# Listed entries
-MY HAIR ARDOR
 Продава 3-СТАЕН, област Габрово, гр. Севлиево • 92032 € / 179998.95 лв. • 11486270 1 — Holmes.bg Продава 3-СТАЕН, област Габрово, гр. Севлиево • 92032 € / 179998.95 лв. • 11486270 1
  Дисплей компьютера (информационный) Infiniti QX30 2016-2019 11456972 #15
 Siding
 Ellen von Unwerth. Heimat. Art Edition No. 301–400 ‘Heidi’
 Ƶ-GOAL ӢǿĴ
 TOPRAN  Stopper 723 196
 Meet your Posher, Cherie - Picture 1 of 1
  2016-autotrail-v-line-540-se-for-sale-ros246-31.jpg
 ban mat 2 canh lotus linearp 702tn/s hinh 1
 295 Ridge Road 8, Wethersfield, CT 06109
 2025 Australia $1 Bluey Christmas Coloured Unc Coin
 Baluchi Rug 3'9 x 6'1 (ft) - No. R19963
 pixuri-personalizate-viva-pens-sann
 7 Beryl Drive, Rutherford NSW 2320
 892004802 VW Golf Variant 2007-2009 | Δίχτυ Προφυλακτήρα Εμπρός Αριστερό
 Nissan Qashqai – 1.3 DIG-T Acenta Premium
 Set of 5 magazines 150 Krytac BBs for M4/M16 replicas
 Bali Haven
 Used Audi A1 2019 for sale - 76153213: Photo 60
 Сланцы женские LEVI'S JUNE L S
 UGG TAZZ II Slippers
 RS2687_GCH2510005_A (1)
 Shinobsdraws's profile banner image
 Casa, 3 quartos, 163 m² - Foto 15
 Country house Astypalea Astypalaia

# Exercise instructions
Scan the records for the word "sale", and copy each line where it is found.

# Written solution
  2016-autotrail-v-line-540-se-for-sale-ros246-31.jpg
 Used Audi A1 2019 for sale - 76153213: Photo 60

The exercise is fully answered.